What is needed » Find the line holding "Mohamed Salah (C)" in the entries below. Give it again exactly, along with every line after it up to and including the line holding "DIY Tutorial Flowers".

[Opening Material shown section]

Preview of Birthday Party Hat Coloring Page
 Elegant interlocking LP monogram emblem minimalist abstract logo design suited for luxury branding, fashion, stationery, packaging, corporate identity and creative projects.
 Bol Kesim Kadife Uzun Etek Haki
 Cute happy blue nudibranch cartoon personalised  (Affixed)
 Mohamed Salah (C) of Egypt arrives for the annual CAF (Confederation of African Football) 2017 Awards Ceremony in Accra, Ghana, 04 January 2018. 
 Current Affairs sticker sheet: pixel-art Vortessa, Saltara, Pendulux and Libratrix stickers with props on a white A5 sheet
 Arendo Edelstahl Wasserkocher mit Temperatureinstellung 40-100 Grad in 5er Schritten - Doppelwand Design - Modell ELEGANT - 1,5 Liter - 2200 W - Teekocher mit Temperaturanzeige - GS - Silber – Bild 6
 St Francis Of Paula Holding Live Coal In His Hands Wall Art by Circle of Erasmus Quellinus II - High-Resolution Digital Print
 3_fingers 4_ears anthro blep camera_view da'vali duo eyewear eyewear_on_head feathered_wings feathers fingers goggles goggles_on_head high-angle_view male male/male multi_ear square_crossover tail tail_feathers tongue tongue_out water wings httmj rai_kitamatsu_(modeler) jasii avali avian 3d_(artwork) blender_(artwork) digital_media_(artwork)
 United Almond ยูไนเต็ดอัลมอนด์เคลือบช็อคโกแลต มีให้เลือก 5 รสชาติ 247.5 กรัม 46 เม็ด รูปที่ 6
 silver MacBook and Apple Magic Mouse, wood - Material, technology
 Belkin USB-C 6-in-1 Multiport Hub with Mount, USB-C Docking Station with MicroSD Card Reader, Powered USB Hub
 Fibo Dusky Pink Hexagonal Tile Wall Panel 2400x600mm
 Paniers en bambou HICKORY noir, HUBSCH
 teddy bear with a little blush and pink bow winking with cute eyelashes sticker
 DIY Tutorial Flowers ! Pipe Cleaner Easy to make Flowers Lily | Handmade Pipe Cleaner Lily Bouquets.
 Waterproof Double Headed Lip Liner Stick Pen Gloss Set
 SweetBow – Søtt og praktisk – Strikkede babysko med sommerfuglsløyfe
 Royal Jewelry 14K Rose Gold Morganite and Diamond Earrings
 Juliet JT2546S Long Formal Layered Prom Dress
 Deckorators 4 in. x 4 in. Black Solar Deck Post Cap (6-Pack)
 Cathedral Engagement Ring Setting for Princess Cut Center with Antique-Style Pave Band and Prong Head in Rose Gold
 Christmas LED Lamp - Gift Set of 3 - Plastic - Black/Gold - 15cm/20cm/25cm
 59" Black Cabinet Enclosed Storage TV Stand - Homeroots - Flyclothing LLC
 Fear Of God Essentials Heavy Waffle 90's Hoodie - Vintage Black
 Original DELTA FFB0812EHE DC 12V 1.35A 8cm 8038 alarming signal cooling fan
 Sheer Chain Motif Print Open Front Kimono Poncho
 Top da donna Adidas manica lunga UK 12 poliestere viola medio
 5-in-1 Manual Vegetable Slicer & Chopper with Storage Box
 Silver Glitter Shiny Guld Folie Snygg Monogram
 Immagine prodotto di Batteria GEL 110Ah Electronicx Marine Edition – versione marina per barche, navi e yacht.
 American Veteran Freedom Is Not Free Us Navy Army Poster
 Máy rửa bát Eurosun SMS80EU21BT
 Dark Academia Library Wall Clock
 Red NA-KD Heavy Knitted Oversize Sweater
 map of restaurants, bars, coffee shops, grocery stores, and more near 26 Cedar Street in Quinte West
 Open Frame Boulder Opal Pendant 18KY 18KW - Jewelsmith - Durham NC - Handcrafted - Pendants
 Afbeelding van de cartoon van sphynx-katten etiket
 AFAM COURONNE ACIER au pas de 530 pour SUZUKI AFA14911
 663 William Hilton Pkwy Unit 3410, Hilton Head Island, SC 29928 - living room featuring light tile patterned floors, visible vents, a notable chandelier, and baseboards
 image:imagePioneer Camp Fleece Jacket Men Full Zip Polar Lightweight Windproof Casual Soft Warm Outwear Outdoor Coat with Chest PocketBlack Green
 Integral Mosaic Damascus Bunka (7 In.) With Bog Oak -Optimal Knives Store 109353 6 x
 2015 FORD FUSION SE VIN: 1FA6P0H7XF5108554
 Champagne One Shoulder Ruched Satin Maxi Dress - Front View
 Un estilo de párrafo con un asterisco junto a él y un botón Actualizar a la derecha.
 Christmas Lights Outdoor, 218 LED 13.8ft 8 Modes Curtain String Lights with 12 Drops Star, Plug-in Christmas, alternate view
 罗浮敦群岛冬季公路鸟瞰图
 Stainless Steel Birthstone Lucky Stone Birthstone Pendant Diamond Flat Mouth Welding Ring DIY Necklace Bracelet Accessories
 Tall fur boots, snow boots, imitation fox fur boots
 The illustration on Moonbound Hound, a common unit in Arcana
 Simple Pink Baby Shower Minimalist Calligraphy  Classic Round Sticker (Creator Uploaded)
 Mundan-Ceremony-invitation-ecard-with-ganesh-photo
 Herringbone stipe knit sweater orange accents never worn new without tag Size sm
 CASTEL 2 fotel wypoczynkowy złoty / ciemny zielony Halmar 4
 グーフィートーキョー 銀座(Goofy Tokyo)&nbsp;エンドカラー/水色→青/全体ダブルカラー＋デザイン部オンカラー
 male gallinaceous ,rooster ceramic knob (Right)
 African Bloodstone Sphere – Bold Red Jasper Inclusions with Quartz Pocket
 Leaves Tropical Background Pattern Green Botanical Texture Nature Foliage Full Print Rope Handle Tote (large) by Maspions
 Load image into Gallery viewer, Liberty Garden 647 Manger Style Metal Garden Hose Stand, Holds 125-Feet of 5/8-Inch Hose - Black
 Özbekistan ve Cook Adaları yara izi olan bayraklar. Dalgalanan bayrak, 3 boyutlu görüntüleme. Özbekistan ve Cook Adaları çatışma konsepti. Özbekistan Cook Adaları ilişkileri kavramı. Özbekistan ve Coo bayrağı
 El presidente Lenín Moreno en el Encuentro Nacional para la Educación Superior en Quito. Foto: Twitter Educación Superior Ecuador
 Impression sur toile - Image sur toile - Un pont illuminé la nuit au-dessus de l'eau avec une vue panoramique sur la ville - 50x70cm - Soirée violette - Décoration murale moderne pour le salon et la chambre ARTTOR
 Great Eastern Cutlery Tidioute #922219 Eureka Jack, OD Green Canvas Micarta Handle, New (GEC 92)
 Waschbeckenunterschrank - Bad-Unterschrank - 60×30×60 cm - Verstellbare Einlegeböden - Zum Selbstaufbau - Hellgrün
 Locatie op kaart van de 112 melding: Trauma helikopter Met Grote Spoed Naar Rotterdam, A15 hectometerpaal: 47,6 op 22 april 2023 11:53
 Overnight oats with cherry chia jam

[Closing Material shown section]

Result for this exercise »
 Mohamed Salah (C) of Egypt arrives for the annual CAF (Confederation of African Football) 2017 Awards Ceremony in Accra, Ghana, 04 January 2018. 
 Current Affairs sticker sheet: pixel-art Vortessa, Saltara, Pendulux and Libratrix stickers with props on a white A5 sheet
 Arendo Edelstahl Wasserkocher mit Temperatureinstellung 40-100 Grad in 5er Schritten - Doppelwand Design - Modell ELEGANT - 1,5 Liter - 2200 W - Teekocher mit Temperaturanzeige - GS - Silber – Bild 6
 St Francis Of Paula Holding Live Coal In His Hands Wall Art by Circle of Erasmus Quellinus II - High-Resolution Digital Print
 3_fingers 4_ears anthro blep camera_view da'vali duo eyewear eyewear_on_head feathered_wings feathers fingers goggles goggles_on_head high-angle_view male male/male multi_ear square_crossover tail tail_feathers tongue tongue_out water wings httmj rai_kitamatsu_(modeler) jasii avali avian 3d_(artwork) blender_(artwork) digital_media_(artwork)
 United Almond ยูไนเต็ดอัลมอนด์เคลือบช็อคโกแลต มีให้เลือก 5 รสชาติ 247.5 กรัม 46 เม็ด รูปที่ 6
 silver MacBook and Apple Magic Mouse, wood - Material, technology
 Belkin USB-C 6-in-1 Multiport Hub with Mount, USB-C Docking Station with MicroSD Card Reader, Powered USB Hub
 Fibo Dusky Pink Hexagonal Tile Wall Panel 2400x600mm
 Paniers en bambou HICKORY noir, HUBSCH
 teddy bear with a little blush and pink bow winking with cute eyelashes sticker
 DIY Tutorial Flowers ! Pipe Cleaner Easy to make Flowers Lily | Handmade Pipe Cleaner Lily Bouquets.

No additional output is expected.